Collection entries
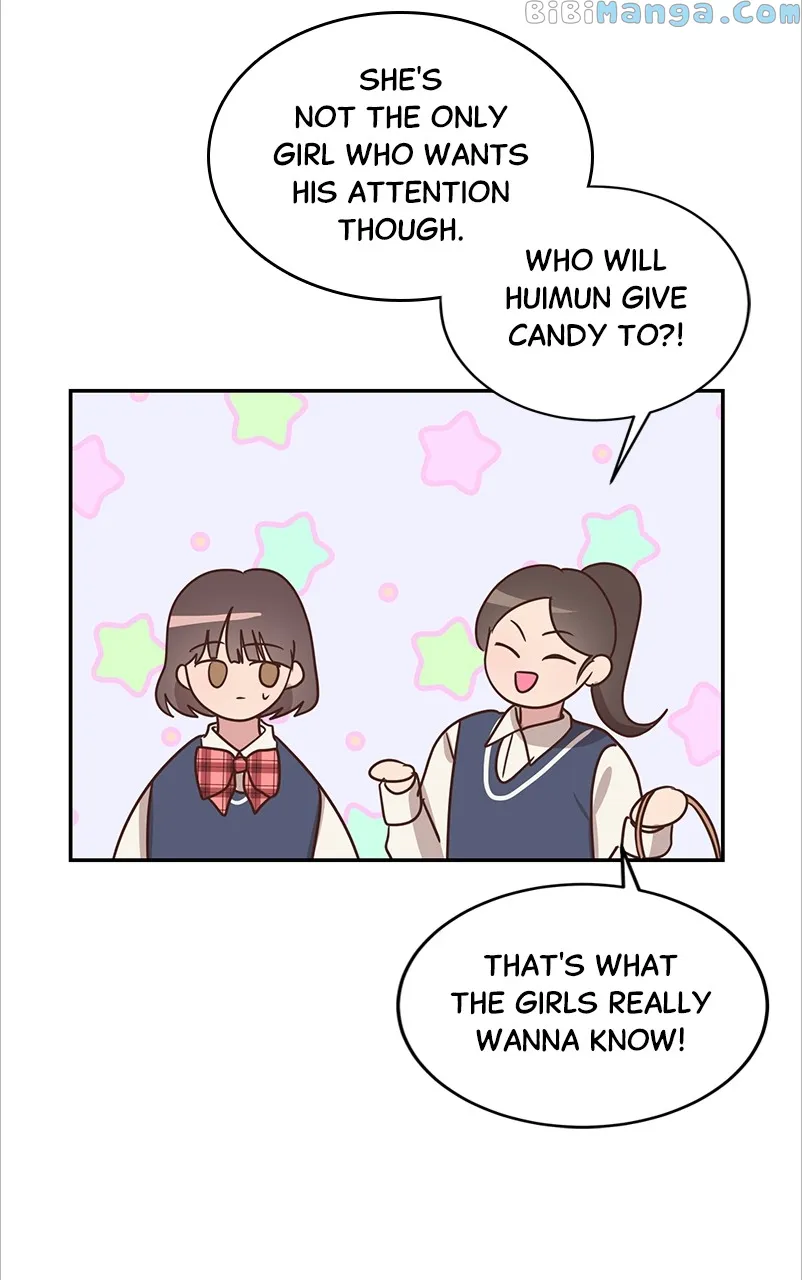 Universe’s Strongest First Love Chapter 1 303 26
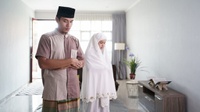Baca Doa Qunut Witir Ramadhan 2023 Mulai Tanggal Berapa?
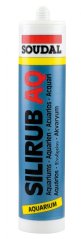 SILIRUB AQ černý 310ml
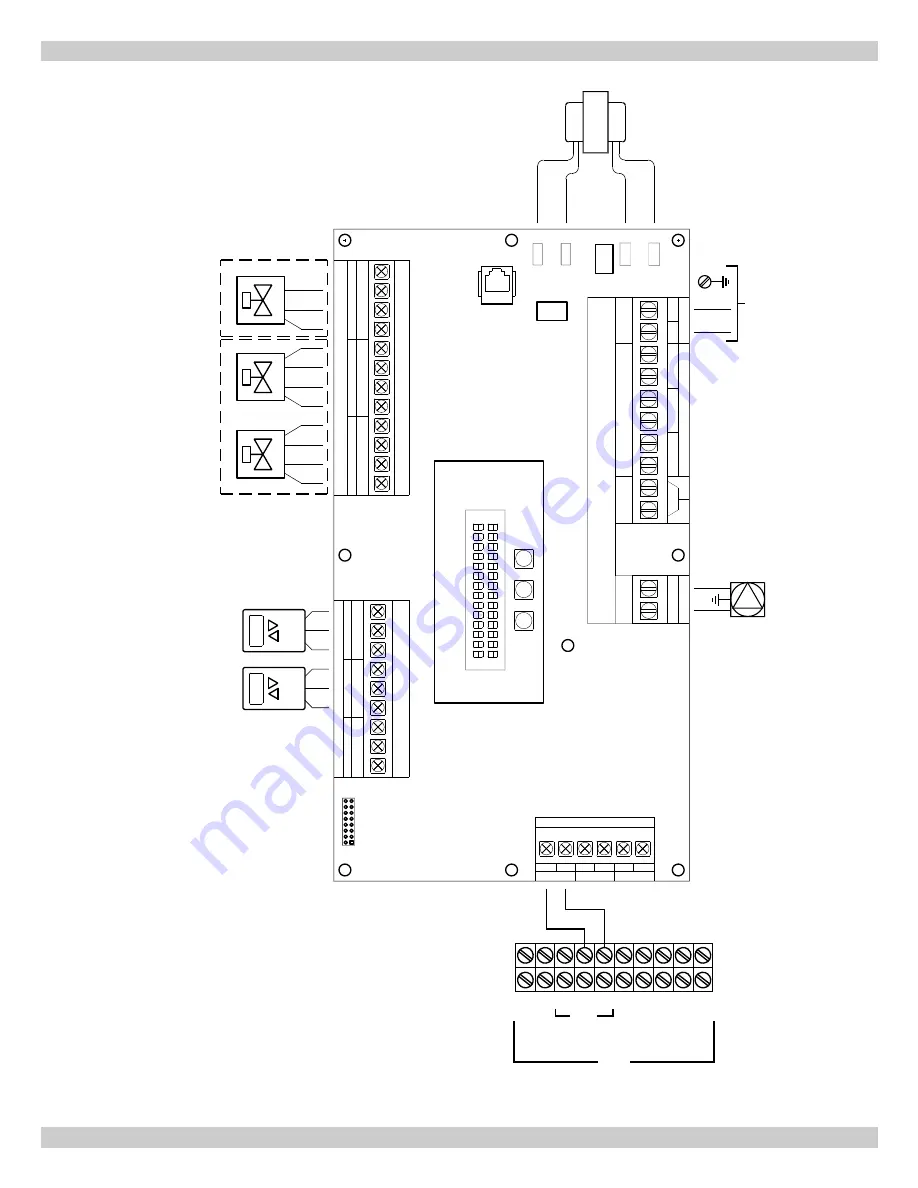 ECR International UTICA BOILERS MACF-115 Installation, Operation And Maintenance Manual Download Page 107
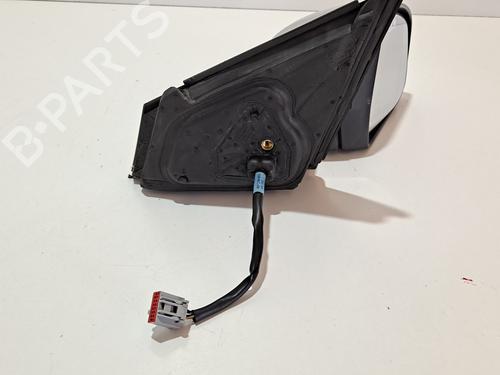 Right mirror FORD MONDEO IV (BA7) 1.8 TDCi | BP7906594C27 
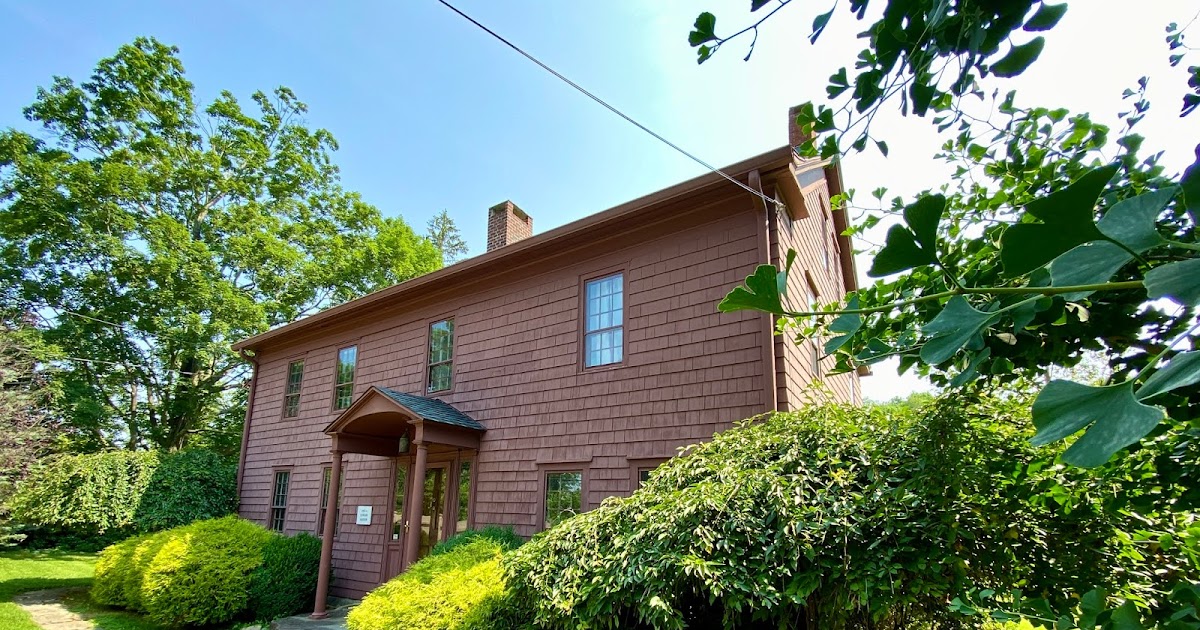 Southwest Daily Images 1765 Keeler House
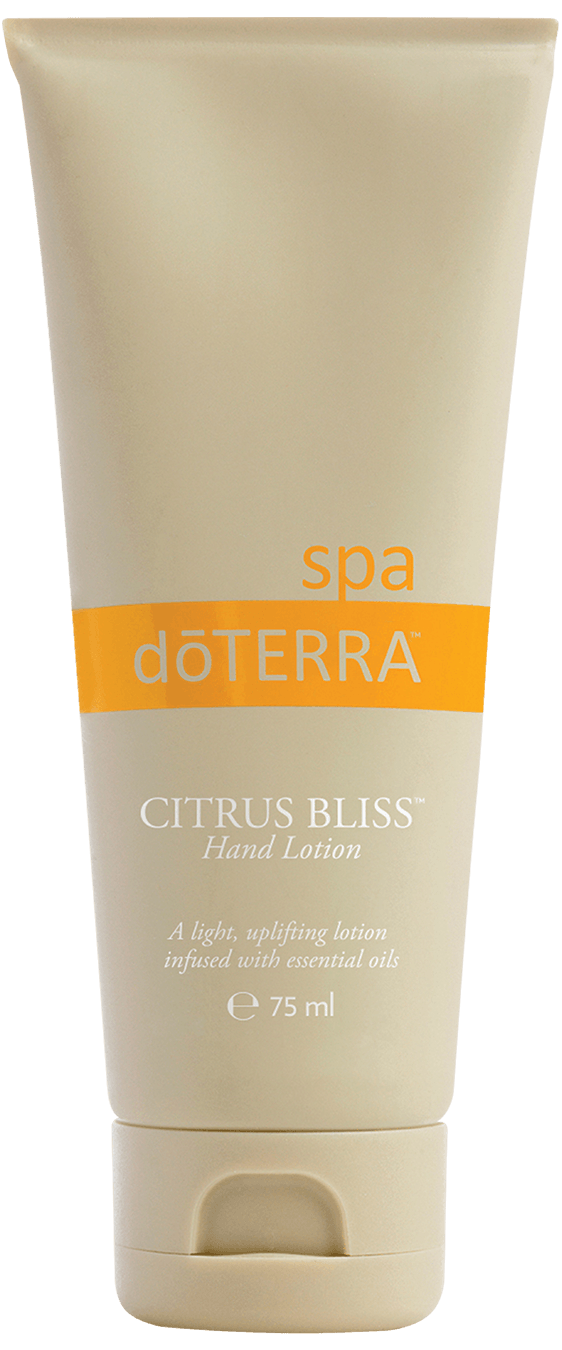 Emulze na ruce Citrus Bliss™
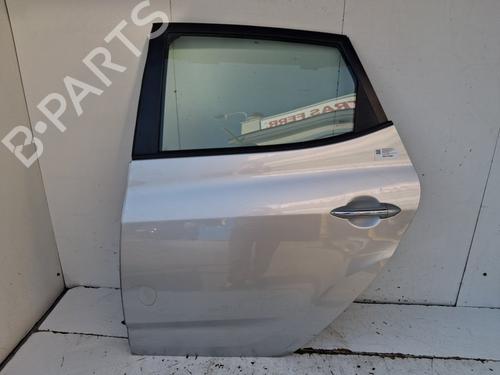 left-rear-door-hyundai-ix20-jc-2010-2011-2012-2013-2014-2015-2016-2017-2018-2019-38106684 main image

**Task item**. Each line from the one holding "SILIRUB AQ černý 310ml" down to the end of the records is to be reproduced unaltered, and the pictures are to be omitted.

**Task solution**.
 SILIRUB AQ černý 310ml
 ECR International UTICA BOILERS MACF-115 Installation, Operation And Maintenance Manual Download Page 107
 Right mirror FORD MONDEO IV (BA7) 1.8 TDCi | BP7906594C27 
 Southwest Daily Images 1765 Keeler House
 Emulze na ruce Citrus Bliss™
 left-rear-door-hyundai-ix20-jc-2010-2011-2012-2013-2014-2015-2016-2017-2018-2019-38106684 main image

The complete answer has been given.